“Walk This Way” foi um tema gravado em 1975 pelos Aerosmith, que conheceu, na década de 80, uma versão que incluía também os rappers Run-D.M.C.. Essa foi,segundo descrevem os livros, a primeira mistura entre o rock e o hip hop. Se há mais de 30 anos atrás essas duas bandas nos mostraram que não existem limites na música, então os Orelha Negra reforçam essa ideia de dia para dia. E foi, curiosamente, ao som de “Walk This Way” que a entrada para o concerto de quinta-feira, no piso de baixo da discoteca Lux Frágil, foi efetuada.

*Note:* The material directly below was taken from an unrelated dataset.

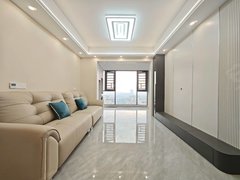 仙桃龙华山龙华山城区职院附近  豪装三房 家电齐全 拧包入住出租房源真实图片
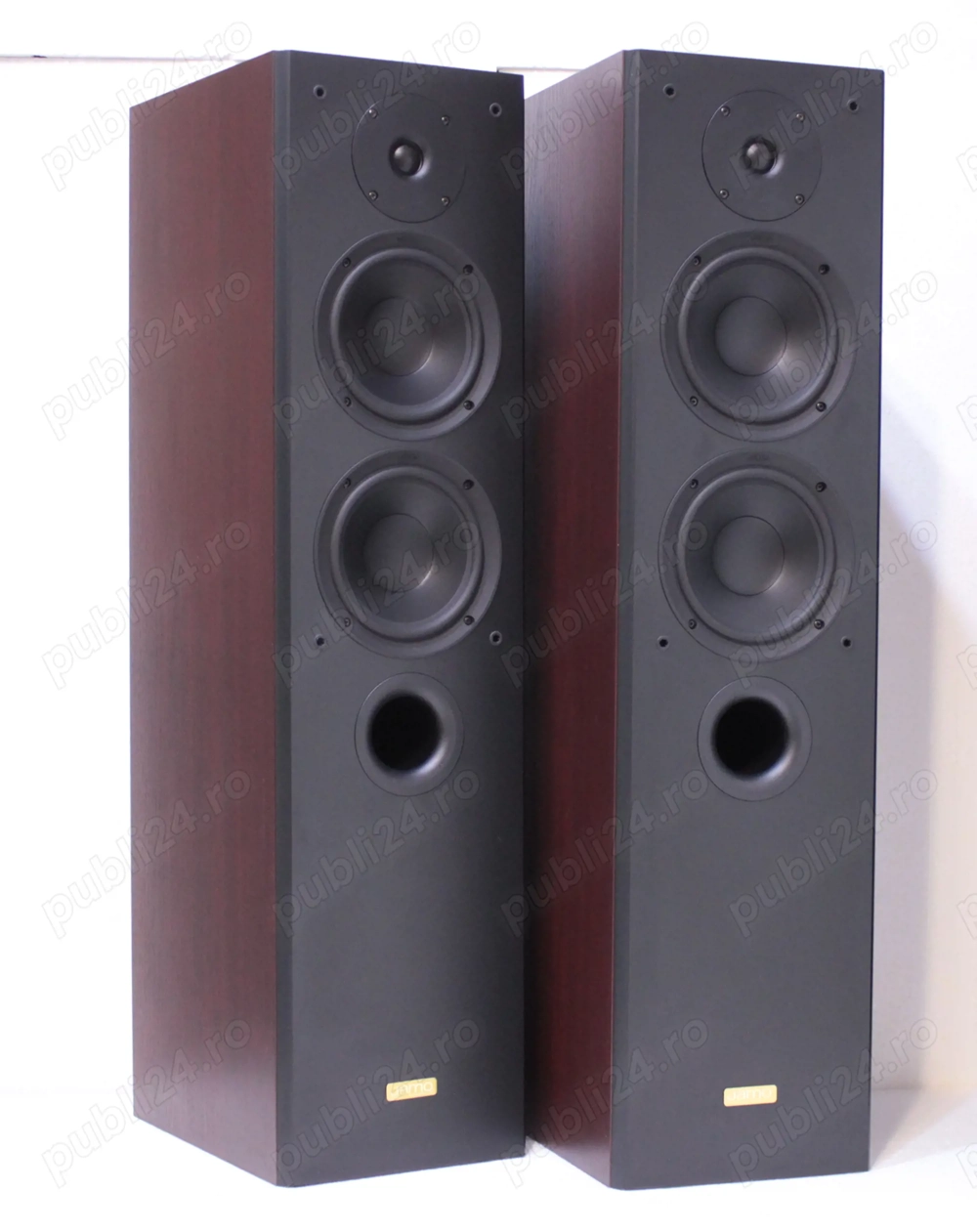 Boxe podea Jamo,2x130W,4Ohm,Danemarca.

O imaginário da banda é tão vasto que nos consegue explicar pormenorizadamente como é possível viajar no espaço e no tempo, rasgando além fronteiras, através dos medleys que protagoniza. No primeiro da noite, o coletivo mostrou que existe hip hop em Screamin’ Jay Hawkins, reggae em Otis Redding, soul em Damian Marley e rock em nomes como Nas, Jay-Z, Pharoahe Monch, Kanye West ou em grupos como Wu-Tang Clan. A pergunta que os Orelha Negra nos colocam quando fazem tais misturas é simples e eficaz: e por que não? Por que não juntar música só pela música, desobedecendo deliberadamente a todos os preconceitos e barreiras? É esta a chave do sucesso do coletivo constituído por Sam the Kid, DJ Cruzfader, João Gomes, Fred e Francisco Rebelo, que oleva a ser amado por uma comunidade que não se restringe estilisticamente.

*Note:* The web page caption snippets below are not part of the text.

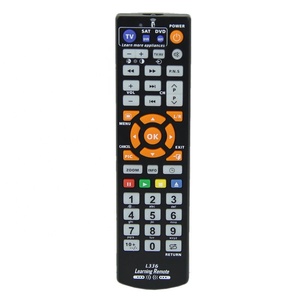 L336 Universal Smart Learning Fernbedienung mit Lern funktion für TV CBL DVD SAT - Product Image 1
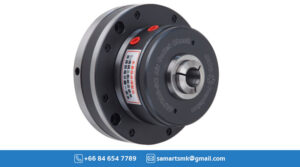 JATO Rotary Collet Chuck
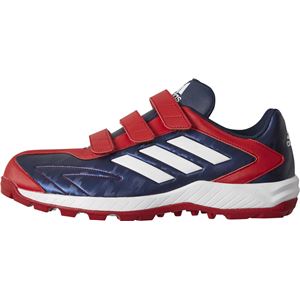 adidas（アディダス） adidas Baseball アディピュア TRV カレッジネイビー×クリスタルホワイトS16×パワーレッド CQ1283 【24.5cm】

Do repertório discográfico pudemos ouvir, a abrir, a calma e consistente “Viva Ela”, que nos levou até “Polaroid”, uma canção que se revela numa autêntica aula de ritmo por parte de Fred. Destaque ainda para a inevitável e belíssima “Throwback”, a doce e penetrante “M.I.R.I.A.M.” e para “Memória”, também conhecida como “Since You’ve Been Gone” devido ao contributo vocal de Orlando Santos para a primeira mixtape do coletivo. “You got me singing the blues” é a frase que acompanha e introduz “Jura”, que, como sempre, vem carregada de um misto sentimental que delicia os nossos ouvidos a cada vez que é tocada. E ainda “Luta”, cheia de groove e energia, ópio para os presentes que, depois da inesperada chuvada que se fez sentir minutos antes do concerto, procuravam alguma forma de aquecer corpo e alma.

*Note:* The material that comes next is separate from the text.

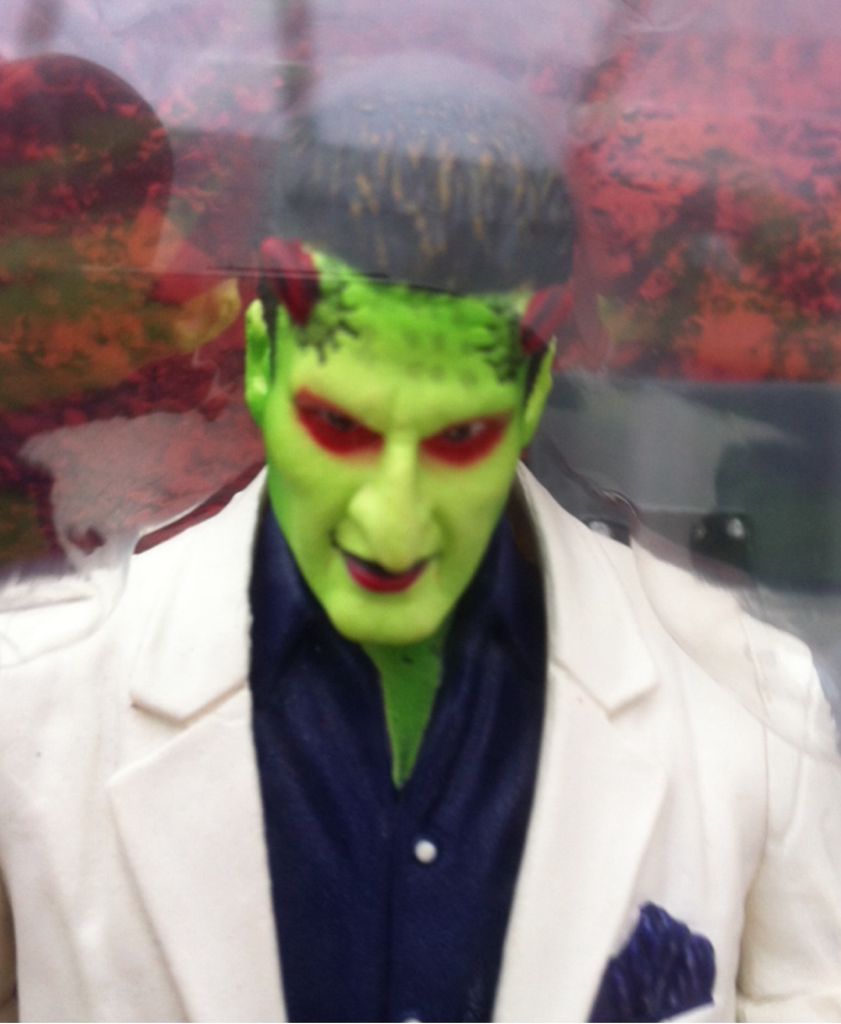 Lorne (Judgment) - Diamond Select (Angel) (Angel) action figure collectible [Barcode 699788605844] - Main Image 2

De volta aos medleys, mas desta vez em terras de Camões, os Orelha Negra homenagearam os Mind Da Gap – que curiosamente completam vinte anos de carreira neste ano que decorre – através de uma revisita que juntou canções como “Falsos Amigos”, “Todos Gordos” e “Dedicatória” a outros êxitos de hip hop nacional, como “Canal 115”, do álbum “Serviço Público” de Valete, e “Rhymeshit Que Abala”, clássico de Chullage retirado do álbum “Rapresálias”. Este foi um dos momentos que mais agitou o público, com algumas pessoas a cantarem as letras das músicas por cima dos instrumentais. O poder da língua portuguesa a ser evidenciado...

“A Cura” talvez seja uma das canções mais vigorosas e expressivas deste quinteto fantástico, revelando um grande à vontade e uma coordenação de se louvar por parte dos elementos – as quebras rítmicas e alterações na velocidade são autênticas rasteiras a quem tenta acompanhar de forma sincronizada a cadência da música. Para o final, como não podia deixar de ser, dois dos medleys mais populares dos Orelha Negra. O primeiro começa com o sample “Gangsta Boogie”, dos Chicago Gangsters, e viaja por vários universos musicais; e o segundo junta Beastie Boys, Jackson 5 e House Of Pain no mesmo habitat, com Fred a deixar bem claras as suas qualidades como baterista já na reta final do tema. De cortar a respiração.

Os Orelha Negra, que lançaram recentemente a “Mixtape II”, que cruza mundos tão diversos como Mónica Ferraz, Osso Vaidoso, Valete, Regula, Kika Santos e DaChick, entre outros, voltam a comprovar que tudo é possível quando abrem horizontes e abandonam a sua zona de conforto, partindo em descoberta de outras áreas musicais que os possam influenciar. Tal como os Aerosmith e os Run-D.M.C. arriscaram na década de 80 com “Walk This Way”, este pentágono lusitano arrisca na sua música e deixa claro que ainda estará para vir o dia em que um concerto deles não seja bom.